Shaw paints a more interesting picture. Killgallen was a celebrity (journalist and TV personality) in her own right, who had made something of a specialty of covering high profile criminal trials. From early on, she filed stories about the JFK/ Oswald killings that questioned the thinking of the authorities. See, e.g., her 11/29/63 column entitled “The Oswald File Must Not Close,” published 7 days after JFK was killed and 5 days after Ruby shot Oswald. In it, she staked out a position directly contrary to statements from Dallas police chief Jesse Curry and FBI head J. Edgar Hoover that Oswald had acted alone.

“The case is closed, is it? Well, I’d like to know how, in a big smart town like Dallas, a man like Jack Ruby – owner of a striptease honky tonk – can stroll in and out of police headquarters as if it were a health club at a time when a small army of law enforcers is keeping a ‘tight security guard’ on Oswald. Security! What a word for it.”

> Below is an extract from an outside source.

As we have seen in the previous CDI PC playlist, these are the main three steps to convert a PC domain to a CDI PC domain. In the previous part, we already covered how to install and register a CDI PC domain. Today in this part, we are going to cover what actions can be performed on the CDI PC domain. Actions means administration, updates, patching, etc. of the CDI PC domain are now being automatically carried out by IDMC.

Kilgallen attended the Ruby trial in early 1964, and her presence was noted by all concerned. She shared several meals with Belli, and lobbied him and his co-counsel for access to the defendant – eventually succeeding. Other reporters were not standing nearby when Kilgallen spoke to Ruby in the courtroom, according to Shaw, and there was a subsequent conversation between Kilgallen and Ruby, about 15 minutes in duration, that took place in an interview room.

Nobody knows what Ruby said to Kilgallen, but she continued writing stories to the effect that further investigation was needed. After the Warren report was issued later that year, for example, she characterized it in a column as “laughable.” She also intimated to a few close friends, without providing details, that her investigation could “crack the case wide open.” Among other things she took a hush, hush trip to New Orleans and was planning a second one.

Kilgallen was writing a book about criminal cases she had covered during the course of her career, and apparently envisioned another book about the JFK/Oswald/Ruby case. Her file for the latter project kept getting fatter; it’s not known if she shared the contents with anyone.

Was Kilgallen really on to something or pursuing a will of the wisp? Whatever, one can readily imagine that various people – including the FBI and mobsters like Carlos Marcello - may have been concerned. Anyway, she died in the early morning hours of 11/8/65, after ingesting a lethal combination of alcohol and barbiturates. Was it suicide (no one thought she seemed depressed), an accidental overdose, or murder?

Reasonable minds could differ on that one, no doubt, but the death investigation was badly botched. Also a team of supposed FBI agents showed up at Kilgallen’s townhouse, barged in, and took all of Kilgallen’s papers and files with them when they left. Unless and until these papers resurface, Kilgallen’s secrets will remain unknown.

In 2017, Shaw persuaded the “cold case” unit of the Manhattan District Attorney’s Office to reopen the 1965 death investigation, but this door was mysteriously slammed shut several months later. Too bad, no one can say Shaw didn’t try to find justice for Dorothy Kilgallen.